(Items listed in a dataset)
· · ·

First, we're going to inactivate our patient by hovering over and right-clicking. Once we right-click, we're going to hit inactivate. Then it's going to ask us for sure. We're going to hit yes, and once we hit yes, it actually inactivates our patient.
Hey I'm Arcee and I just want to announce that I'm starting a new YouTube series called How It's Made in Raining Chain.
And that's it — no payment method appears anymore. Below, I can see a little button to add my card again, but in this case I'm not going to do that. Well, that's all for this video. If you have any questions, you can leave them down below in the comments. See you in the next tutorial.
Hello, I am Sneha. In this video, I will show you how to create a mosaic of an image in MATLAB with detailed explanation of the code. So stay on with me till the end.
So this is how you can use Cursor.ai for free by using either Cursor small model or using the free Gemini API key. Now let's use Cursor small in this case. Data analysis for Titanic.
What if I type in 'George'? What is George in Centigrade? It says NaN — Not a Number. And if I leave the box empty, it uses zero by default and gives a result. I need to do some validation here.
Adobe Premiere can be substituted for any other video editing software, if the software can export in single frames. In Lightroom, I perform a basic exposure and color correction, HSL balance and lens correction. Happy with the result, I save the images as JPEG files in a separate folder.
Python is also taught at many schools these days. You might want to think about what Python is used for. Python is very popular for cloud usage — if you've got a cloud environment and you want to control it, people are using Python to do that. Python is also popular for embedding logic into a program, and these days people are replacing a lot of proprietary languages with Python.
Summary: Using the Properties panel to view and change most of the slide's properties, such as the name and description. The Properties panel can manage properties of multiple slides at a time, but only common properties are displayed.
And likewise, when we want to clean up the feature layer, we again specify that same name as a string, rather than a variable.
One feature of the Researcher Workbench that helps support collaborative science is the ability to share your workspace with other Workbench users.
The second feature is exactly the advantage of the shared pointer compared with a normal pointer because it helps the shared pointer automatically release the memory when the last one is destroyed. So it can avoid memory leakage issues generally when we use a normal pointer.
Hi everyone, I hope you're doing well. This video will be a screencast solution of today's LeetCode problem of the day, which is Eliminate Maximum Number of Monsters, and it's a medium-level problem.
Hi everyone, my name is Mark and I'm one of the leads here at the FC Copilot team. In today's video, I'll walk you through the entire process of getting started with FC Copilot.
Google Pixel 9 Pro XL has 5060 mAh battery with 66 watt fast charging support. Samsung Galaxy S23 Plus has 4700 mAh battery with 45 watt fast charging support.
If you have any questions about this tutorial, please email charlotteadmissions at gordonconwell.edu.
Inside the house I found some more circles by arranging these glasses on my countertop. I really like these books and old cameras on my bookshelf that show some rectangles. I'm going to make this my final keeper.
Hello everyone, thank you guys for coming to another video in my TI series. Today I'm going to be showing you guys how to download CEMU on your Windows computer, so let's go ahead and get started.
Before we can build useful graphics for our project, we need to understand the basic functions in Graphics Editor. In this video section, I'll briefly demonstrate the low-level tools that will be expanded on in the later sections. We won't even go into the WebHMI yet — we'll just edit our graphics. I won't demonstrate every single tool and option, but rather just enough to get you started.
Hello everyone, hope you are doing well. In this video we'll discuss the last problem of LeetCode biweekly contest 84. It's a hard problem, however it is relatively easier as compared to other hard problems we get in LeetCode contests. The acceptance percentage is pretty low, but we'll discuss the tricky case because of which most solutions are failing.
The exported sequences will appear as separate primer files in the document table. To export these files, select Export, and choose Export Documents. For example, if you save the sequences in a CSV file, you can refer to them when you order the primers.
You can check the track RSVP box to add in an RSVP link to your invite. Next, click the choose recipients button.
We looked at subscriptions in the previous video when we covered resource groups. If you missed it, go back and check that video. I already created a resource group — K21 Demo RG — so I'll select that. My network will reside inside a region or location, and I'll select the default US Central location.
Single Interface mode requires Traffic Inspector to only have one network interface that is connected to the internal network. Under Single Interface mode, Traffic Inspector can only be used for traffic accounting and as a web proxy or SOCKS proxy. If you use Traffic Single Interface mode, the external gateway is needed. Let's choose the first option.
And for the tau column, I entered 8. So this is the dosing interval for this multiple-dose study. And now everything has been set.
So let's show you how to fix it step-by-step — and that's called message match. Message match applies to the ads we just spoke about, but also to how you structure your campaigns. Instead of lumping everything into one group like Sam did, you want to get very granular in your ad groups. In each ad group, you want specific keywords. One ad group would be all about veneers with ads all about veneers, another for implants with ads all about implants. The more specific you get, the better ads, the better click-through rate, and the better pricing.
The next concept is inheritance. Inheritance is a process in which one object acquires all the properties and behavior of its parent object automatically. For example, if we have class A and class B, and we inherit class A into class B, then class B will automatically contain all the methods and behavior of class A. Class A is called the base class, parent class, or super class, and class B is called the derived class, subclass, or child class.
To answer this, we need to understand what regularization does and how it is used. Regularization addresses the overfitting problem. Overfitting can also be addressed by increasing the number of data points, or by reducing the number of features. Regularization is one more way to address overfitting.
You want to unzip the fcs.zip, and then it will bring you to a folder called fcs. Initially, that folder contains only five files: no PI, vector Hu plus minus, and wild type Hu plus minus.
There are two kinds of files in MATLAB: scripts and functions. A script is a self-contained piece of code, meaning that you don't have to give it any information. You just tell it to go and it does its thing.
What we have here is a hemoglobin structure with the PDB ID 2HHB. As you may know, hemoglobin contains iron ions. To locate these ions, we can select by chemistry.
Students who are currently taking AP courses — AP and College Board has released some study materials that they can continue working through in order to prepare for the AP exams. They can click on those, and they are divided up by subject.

· · ·

**YOUR TASK:** Print each entry precisely. Include every line.

**RESULT OF THIS EXERCISE:**
First, we're going to inactivate our patient by hovering over and right-clicking. Once we right-click, we're going to hit inactivate. Then it's going to ask us for sure. We're going to hit yes, and once we hit yes, it actually inactivates our patient.
Hey I'm Arcee and I just want to announce that I'm starting a new YouTube series called How It's Made in Raining Chain.
And that's it — no payment method appears anymore. Below, I can see a little button to add my card again, but in this case I'm not going to do that. Well, that's all for this video. If you have any questions, you can leave them down below in the comments. See you in the next tutorial.
Hello, I am Sneha. In this video, I will show you how to create a mosaic of an image in MATLAB with detailed explanation of the code. So stay on with me till the end.
So this is how you can use Cursor.ai for free by using either Cursor small model or using the free Gemini API key. Now let's use Cursor small in this case. Data analysis for Titanic.
What if I type in 'George'? What is George in Centigrade? It says NaN — Not a Number. And if I leave the box empty, it uses zero by default and gives a result. I need to do some validation here.
Adobe Premiere can be substituted for any other video editing software, if the software can export in single frames. In Lightroom, I perform a basic exposure and color correction, HSL balance and lens correction. Happy with the result, I save the images as JPEG files in a separate folder.
Python is also taught at many schools these days. You might want to think about what Python is used for. Python is very popular for cloud usage — if you've got a cloud environment and you want to control it, people are using Python to do that. Python is also popular for embedding logic into a program, and these days people are replacing a lot of proprietary languages with Python.
Summary: Using the Properties panel to view and change most of the slide's properties, such as the name and description. The Properties panel can manage properties of multiple slides at a time, but only common properties are displayed.
And likewise, when we want to clean up the feature layer, we again specify that same name as a string, rather than a variable.
One feature of the Researcher Workbench that helps support collaborative science is the ability to share your workspace with other Workbench users.
The second feature is exactly the advantage of the shared pointer compared with a normal pointer because it helps the shared pointer automatically release the memory when the last one is destroyed. So it can avoid memory leakage issues generally when we use a normal pointer.
Hi everyone, I hope you're doing well. This video will be a screencast solution of today's LeetCode problem of the day, which is Eliminate Maximum Number of Monsters, and it's a medium-level problem.
Hi everyone, my name is Mark and I'm one of the leads here at the FC Copilot team. In today's video, I'll walk you through the entire process of getting started with FC Copilot.
Google Pixel 9 Pro XL has 5060 mAh battery with 66 watt fast charging support. Samsung Galaxy S23 Plus has 4700 mAh battery with 45 watt fast charging support.
If you have any questions about this tutorial, please email charlotteadmissions at gordonconwell.edu.
Inside the house I found some more circles by arranging these glasses on my countertop. I really like these books and old cameras on my bookshelf that show some rectangles. I'm going to make this my final keeper.
Hello everyone, thank you guys for coming to another video in my TI series. Today I'm going to be showing you guys how to download CEMU on your Windows computer, so let's go ahead and get started.
Before we can build useful graphics for our project, we need to understand the basic functions in Graphics Editor. In this video section, I'll briefly demonstrate the low-level tools that will be expanded on in the later sections. We won't even go into the WebHMI yet — we'll just edit our graphics. I won't demonstrate every single tool and option, but rather just enough to get you started.
Hello everyone, hope you are doing well. In this video we'll discuss the last problem of LeetCode biweekly contest 84. It's a hard problem, however it is relatively easier as compared to other hard problems we get in LeetCode contests. The acceptance percentage is pretty low, but we'll discuss the tricky case because of which most solutions are failing.
The exported sequences will appear as separate primer files in the document table. To export these files, select Export, and choose Export Documents. For example, if you save the sequences in a CSV file, you can refer to them when you order the primers.
You can check the track RSVP box to add in an RSVP link to your invite. Next, click the choose recipients button.
We looked at subscriptions in the previous video when we covered resource groups. If you missed it, go back and check that video. I already created a resource group — K21 Demo RG — so I'll select that. My network will reside inside a region or location, and I'll select the default US Central location.
Single Interface mode requires Traffic Inspector to only have one network interface that is connected to the internal network. Under Single Interface mode, Traffic Inspector can only be used for traffic accounting and as a web proxy or SOCKS proxy. If you use Traffic Single Interface mode, the external gateway is needed. Let's choose the first option.
And for the tau column, I entered 8. So this is the dosing interval for this multiple-dose study. And now everything has been set.
So let's show you how to fix it step-by-step — and that's called message match. Message match applies to the ads we just spoke about, but also to how you structure your campaigns. Instead of lumping everything into one group like Sam did, you want to get very granular in your ad groups. In each ad group, you want specific keywords. One ad group would be all about veneers with ads all about veneers, another for implants with ads all about implants. The more specific you get, the better ads, the better click-through rate, and the better pricing.
The next concept is inheritance. Inheritance is a process in which one object acquires all the properties and behavior of its parent object automatically. For example, if we have class A and class B, and we inherit class A into class B, then class B will automatically contain all the methods and behavior of class A. Class A is called the base class, parent class, or super class, and class B is called the derived class, subclass, or child class.
To answer this, we need to understand what regularization does and how it is used. Regularization addresses the overfitting problem. Overfitting can also be addressed by increasing the number of data points, or by reducing the number of features. Regularization is one more way to address overfitting.
You want to unzip the fcs.zip, and then it will bring you to a folder called fcs. Initially, that folder contains only five files: no PI, vector Hu plus minus, and wild type Hu plus minus.
There are two kinds of files in MATLAB: scripts and functions. A script is a self-contained piece of code, meaning that you don't have to give it any information. You just tell it to go and it does its thing.
What we have here is a hemoglobin structure with the PDB ID 2HHB. As you may know, hemoglobin contains iron ions. To locate these ions, we can select by chemistry.
Students who are currently taking AP courses — AP and College Board has released some study materials that they can continue working through in order to prepare for the AP exams. They can click on those, and they are divided up by subject.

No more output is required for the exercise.